Notes from 2012. Starting in April of that year I look towards Brazil. The country was growing rapidly. I speak Portuguese and the jobs were plentiful. My wife is half-Brazilian and always wanted to move there. McKinsey always had available projects looking for staffing and I had no kids. Why not?
Fast-forward a few months later, my wife and I rent an apartment in São Paulo in the Fall of 2012. It was booming — all the restaurants were full, startups springing up like mushrooms, educated Europeans streaming into the country in droves to escape their economic malaise. People were making money and they were happy. Dilma Rousseff, who as of writing is being impeached by the Brazilian Congress, is described admiringly as an “iron lady”. The labor market was “strong”; Brazil had finally broken free from decades of poor growth.
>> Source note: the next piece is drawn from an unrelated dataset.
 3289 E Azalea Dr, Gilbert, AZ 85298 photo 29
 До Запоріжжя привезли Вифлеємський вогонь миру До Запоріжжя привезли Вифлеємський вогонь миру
It had finally found a winning formula.
But then, it didn’t.
It’s now clear that those months were the peak of the bubble. However at the time, nobody expected it to collapse; those that saw it slowing never expected anything this drastic. The denouement continues to this day with nearly every politician facing some form of corruption charge, the country’s oil wealth an illusion, commodity prices slashed by slower Chinese growth, and with the Olympics a few months away, the economy in free-fall.
I don’t always appreciate the stability around me and how quickly it can all fall apart. Today, I live in San Francisco, a world where “disruption” is king. But change is only attractive in a world where the underlying society is stable. The rule of law, property rights, an effective executive branch and a rational monetary policy keeping chaos at bay. It’s all more fragile than we appreciate; anything can happen here.
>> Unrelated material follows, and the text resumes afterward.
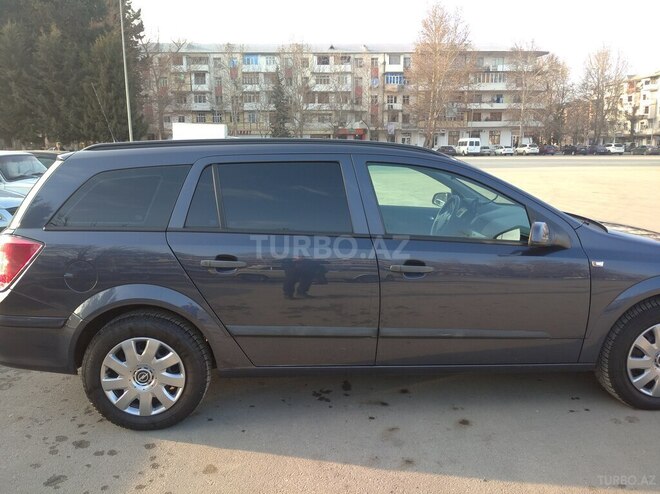 Opel Astra 2009, 187,000 km - 1.4 л - Mingəçevir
Looking through my prior notebooks, I find pages from a trip to Egypt in January, 2010. I stayed a few blocks from Tahrir Square. It was a school trip and we spent the days site-seeing and visiting government offices. The nights were filled with hookah and meanderings. People were optimistic. While some might say what followed could have been foreshadowed, nobody we spoke to mentioned anything even remotely close — not even a hint. Sure the country had its troubles but so did most of the world; Mubarak had been in power for decades. What would change?
The Arab Spring was only nine months away. Violence led to optimistic revolution that devolved into chaos. Coups led to imprisonments, and the former head of the military is now President.
And so too elsewhere: Venezuela’s election of Hugo Chavez and its fall into a populist quasi-dictatorship. The destruction of a once stable economy in only a handful of years; Argentina’s continued decline since the ’90s. Black market money dealers lining downtown streets as buildings falling into disrepair. Rampant corruption at an unprecedented scale. No clear way back to prosperity; Syria, Iraq, Libya, Afghanistan, Honduras, Guatemala… Hundreds of millions of people’s lives altering overnight, their dreams destroyed.
Things fall apart. Chaos accelerates before it quiets. Stability and entropy in constant struggle. Every day with peace is a day worth cherishing.